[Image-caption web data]
- Opening Delimiter -

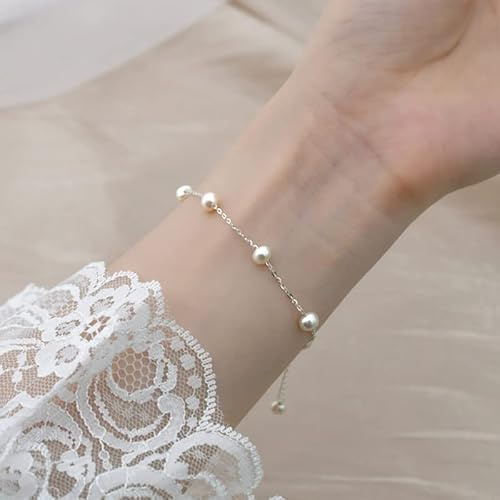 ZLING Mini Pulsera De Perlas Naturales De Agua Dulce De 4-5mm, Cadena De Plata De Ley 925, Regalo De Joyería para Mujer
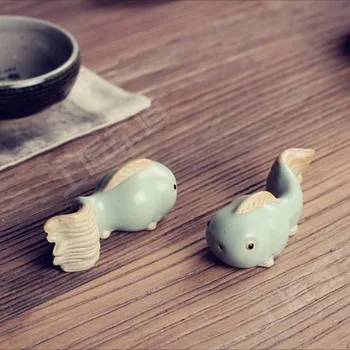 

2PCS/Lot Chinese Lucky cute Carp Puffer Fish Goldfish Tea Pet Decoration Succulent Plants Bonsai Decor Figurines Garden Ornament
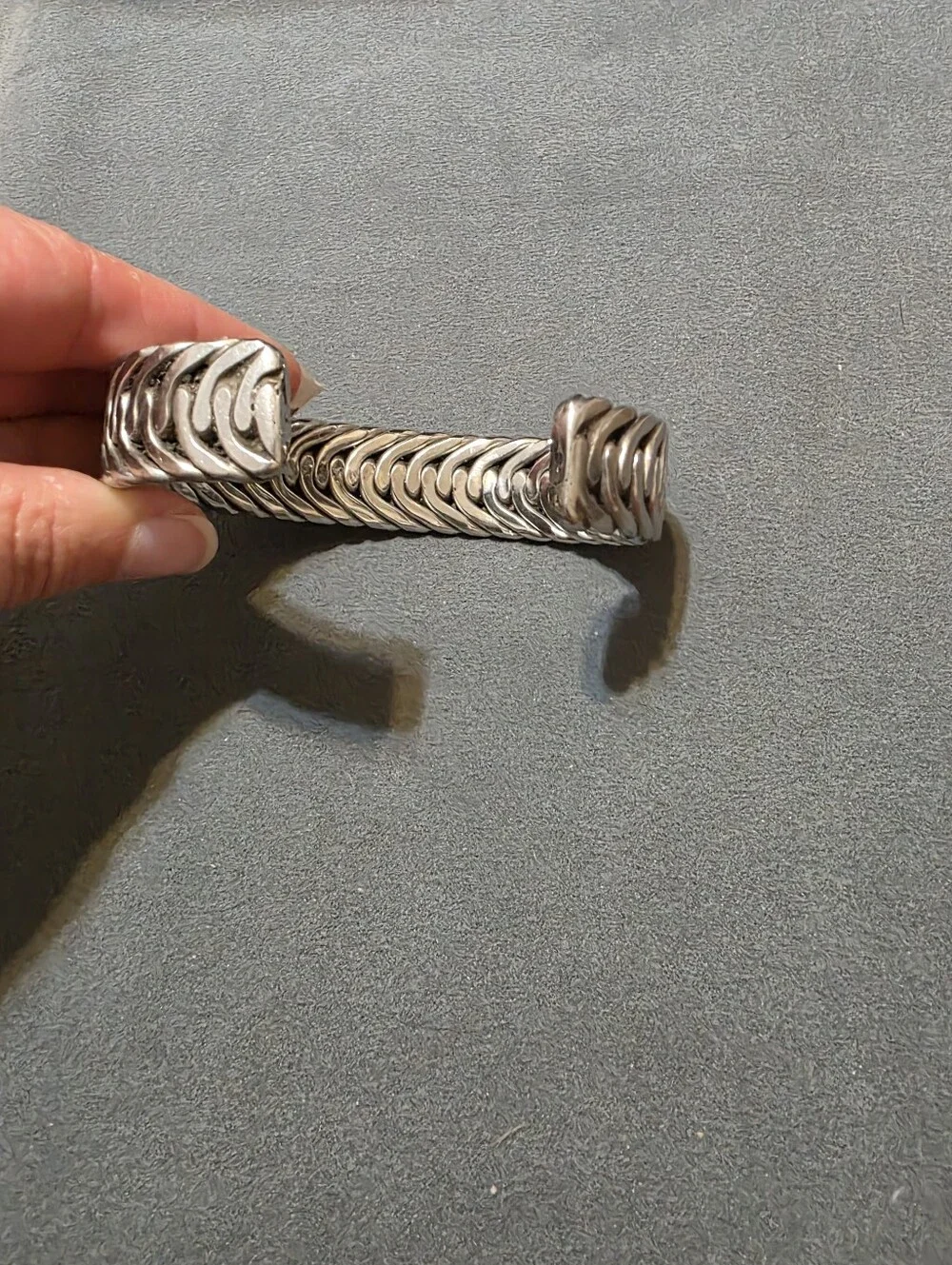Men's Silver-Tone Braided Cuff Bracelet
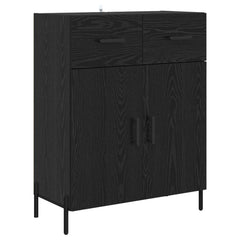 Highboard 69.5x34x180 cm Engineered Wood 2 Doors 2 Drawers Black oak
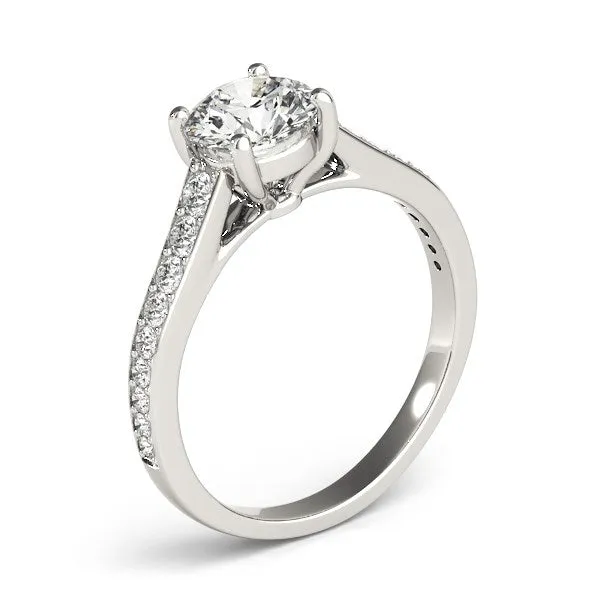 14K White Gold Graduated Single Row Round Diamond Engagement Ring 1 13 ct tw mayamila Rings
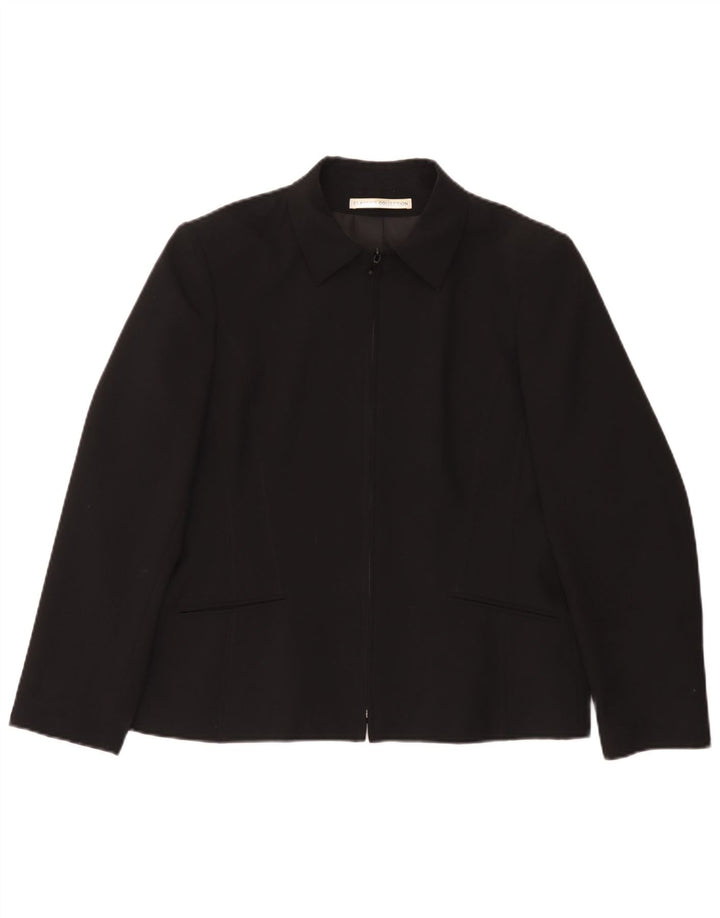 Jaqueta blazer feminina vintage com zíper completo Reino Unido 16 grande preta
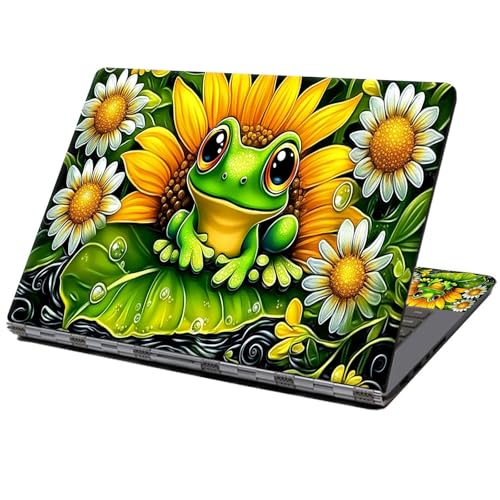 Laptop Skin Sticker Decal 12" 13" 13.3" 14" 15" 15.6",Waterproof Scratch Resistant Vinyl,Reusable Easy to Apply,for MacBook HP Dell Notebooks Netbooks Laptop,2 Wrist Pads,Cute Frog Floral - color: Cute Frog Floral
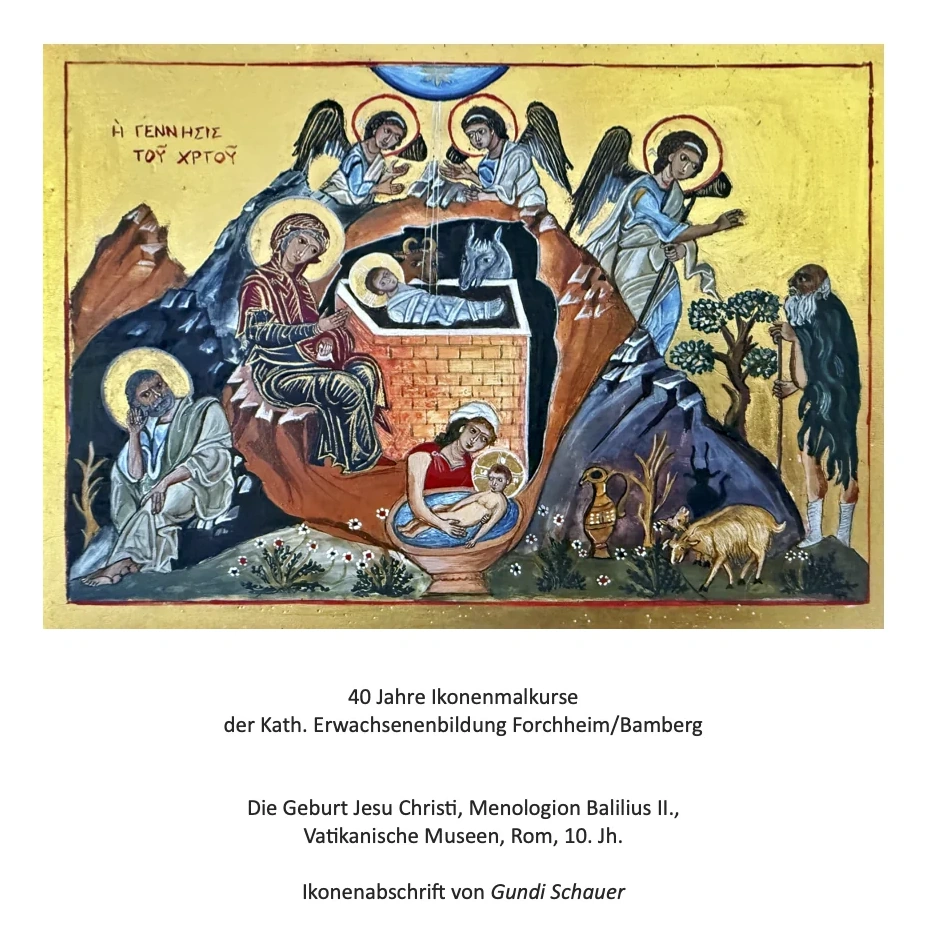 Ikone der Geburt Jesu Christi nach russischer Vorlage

- Closing Delimiter -

*Problem*: The pictures in the entries above should be left out; all else must be copied exactly.

*Answer box*:
 ZLING Mini Pulsera De Perlas Naturales De Agua Dulce De 4-5mm, Cadena De Plata De Ley 925, Regalo De Joyería para Mujer

2PCS/Lot Chinese Lucky cute Carp Puffer Fish Goldfish Tea Pet Decoration Succulent Plants Bonsai Decor Figurines Garden Ornament
Men's Silver-Tone Braided Cuff Bracelet
 Highboard 69.5x34x180 cm Engineered Wood 2 Doors 2 Drawers Black oak
 14K White Gold Graduated Single Row Round Diamond Engagement Ring 1 13 ct tw mayamila Rings
 Jaqueta blazer feminina vintage com zíper completo Reino Unido 16 grande preta
 Laptop Skin Sticker Decal 12" 13" 13.3" 14" 15" 15.6",Waterproof Scratch Resistant Vinyl,Reusable Easy to Apply,for MacBook HP Dell Notebooks Netbooks Laptop,2 Wrist Pads,Cute Frog Floral - color: Cute Frog Floral
 Ikone der Geburt Jesu Christi nach russischer Vorlage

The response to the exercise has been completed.